WHAT THE EXERCISE ASKS = Only the pictures are to be dropped; return all other data below exactly.

GIVEN MATERIAL =
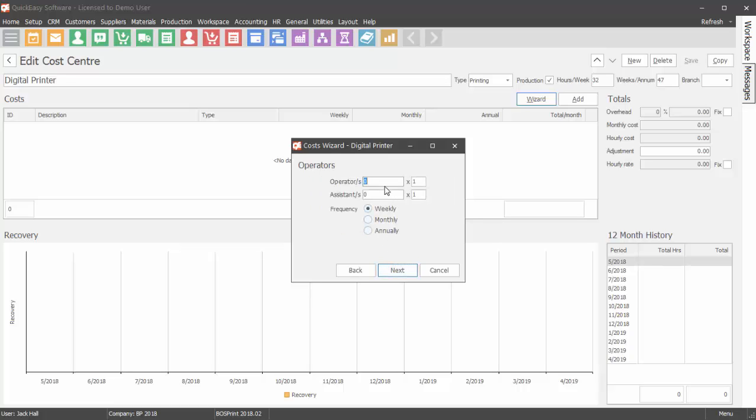Enter the wages for the operator and number of operators. Do the same for the assistance. Select the frequency of payments.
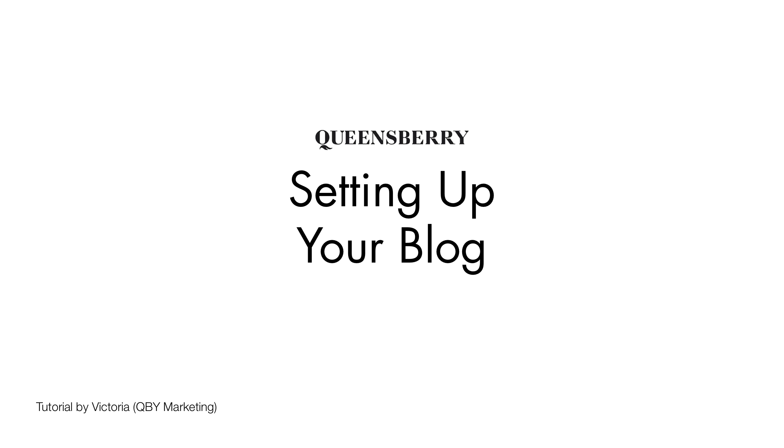Hi, my name is Victoria and I'm going to show you how to set up your blog in Workspace.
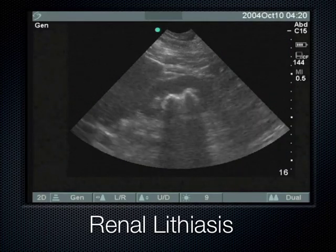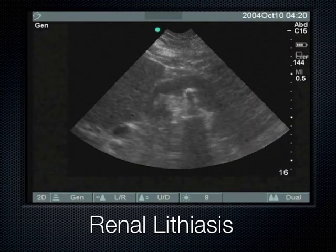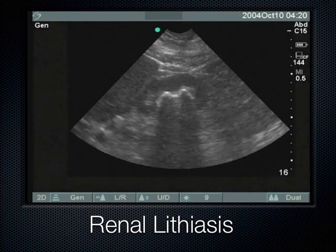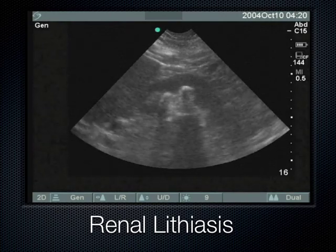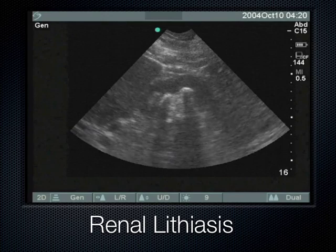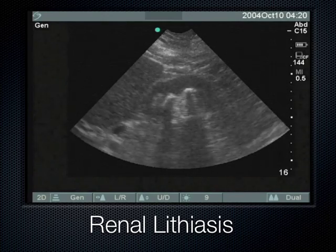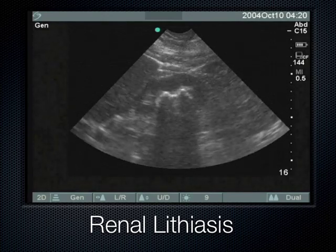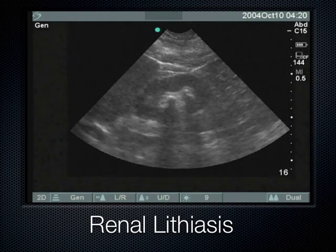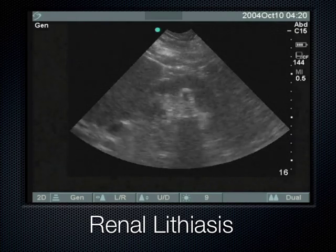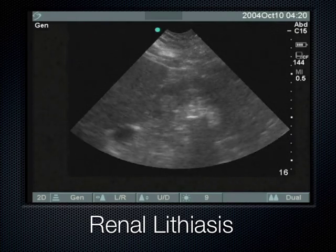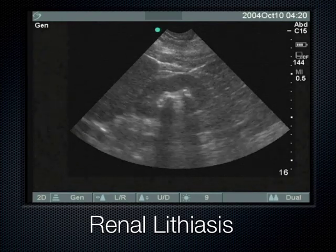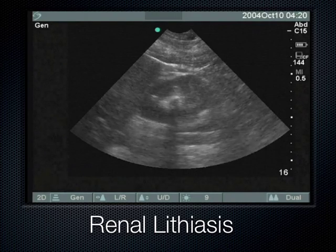When there's a stone — or in this case a couple of stones in the kidney — we know they're stones because they cast a shadow all the way to the bottom of the screen. Sometimes you'll see hyperechoic stuff that doesn't shadow. But when you get a shadow going all the way down, you can confirm that it's from a very dense calcified structure — in this case, renal lithiasis or kidney stones.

RESULT OF THIS TASK =
Enter the wages for the operator and number of operators. Do the same for the assistance. Select the frequency of payments.
Hi, my name is Victoria and I'm going to show you how to set up your blog in Workspace.
When there's a stone — or in this case a couple of stones in the kidney — we know they're stones because they cast a shadow all the way to the bottom of the screen. Sometimes you'll see hyperechoic stuff that doesn't shadow. But when you get a shadow going all the way down, you can confirm that it's from a very dense calcified structure — in this case, renal lithiasis or kidney stones.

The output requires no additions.